I recently attended my first National Voluntary Organizations Active in Disaster – or VOAD – annual conference in Houston, Texas. My colleague, Emergency Response Specialist Sandra Kennedy-Owes, participated in a great panel discussion on “Caring for the Hidden Community.” She spoke about CWS’s pilot program working with immigrant and refugee communities. The session had a great response, with around 70 people attending, and it was very well received.

At the end of the session, one of the panelists related to the audience that she came to the United States as a young child as a refugee with her family. She said it was difficult for her father to answer a question posed by those working with the family: “What do you need?” Culturally, he found it very hard to admit he needed anything or that he could not provide everything his family needed.

Like that family and many others, our Domestic Disaster Program has been on a journey the last two years. We have been piloting a new approach to our work, focusing on immigrants and refugees, and particularly communities with vulnerable individuals and families. Like many of the journeys these individuals have taken over the years, the pilot has met challenges along the way. At times it’s  hard for us to know what we have needed to be successful. But also like many who have journeyed and had to start over, I am excited about the future and where the program is going.

The panel discussion reaffirmed to me that our approach is strong, and a key component to our program is building trust. We work through community leaders and community organizations that already have trust with community members. We then work to build community members’ trust – both for our program, but also for the disaster network more broadly. An audience member talked about whole community disaster response, which again resonated with our approach of incorporating marginalized communities into the broader disaster response.

I was also reminded that there are still many opportunities to continue building and strengthening our approach. I attended one session on using data to strengthen partnerships in preparedness and another that considered similarities and differences between U.S. and international disaster work.

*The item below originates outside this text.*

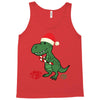 christmas dinosaur Tank Top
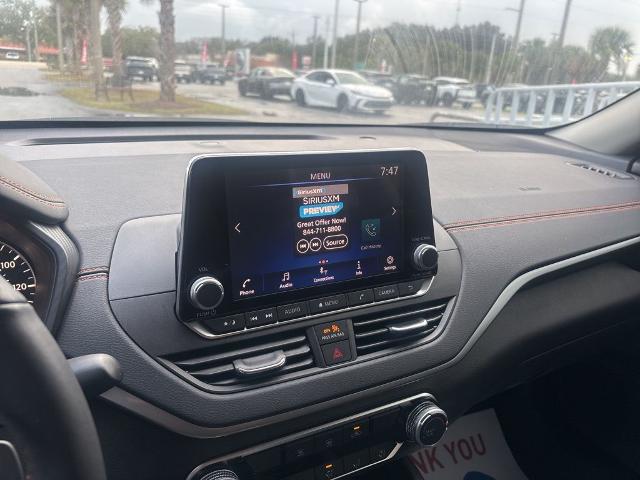 2021 Nissan Altima SR FWD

Both of these offer us avenues to further explore how we can better serve communities affected by disaster, including by working with CWS’s international program teams to exchange ideas and share program approaches.

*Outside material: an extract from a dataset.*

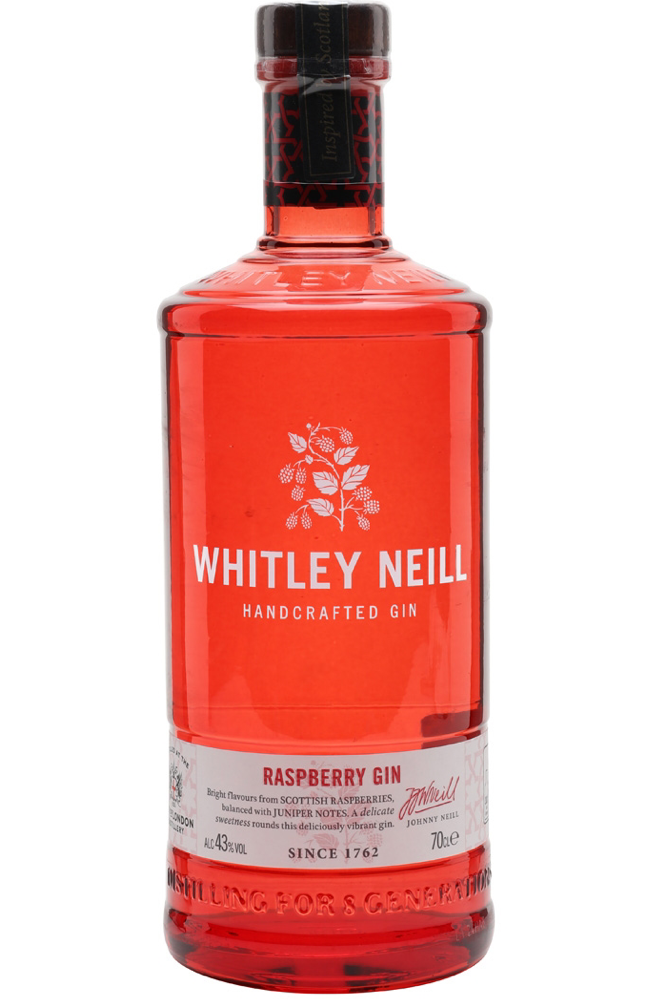Whitley Neill Raspberry Gin 43% / 70cl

Often a question that comes to mind for disaster work is, “What do people need?” In international development and humanitarian work, that question has shifted to focus more on “What rights are people not able to access?” By working together with communities through trusted members and leaders to better understand their communities, their strengths and their resilience, we can take the next step to ensure that all those affected by disaster are able to exercise their rights.

Elizabeth Frank is the Program Officer, Humanitarian and PME Programs, at CWS.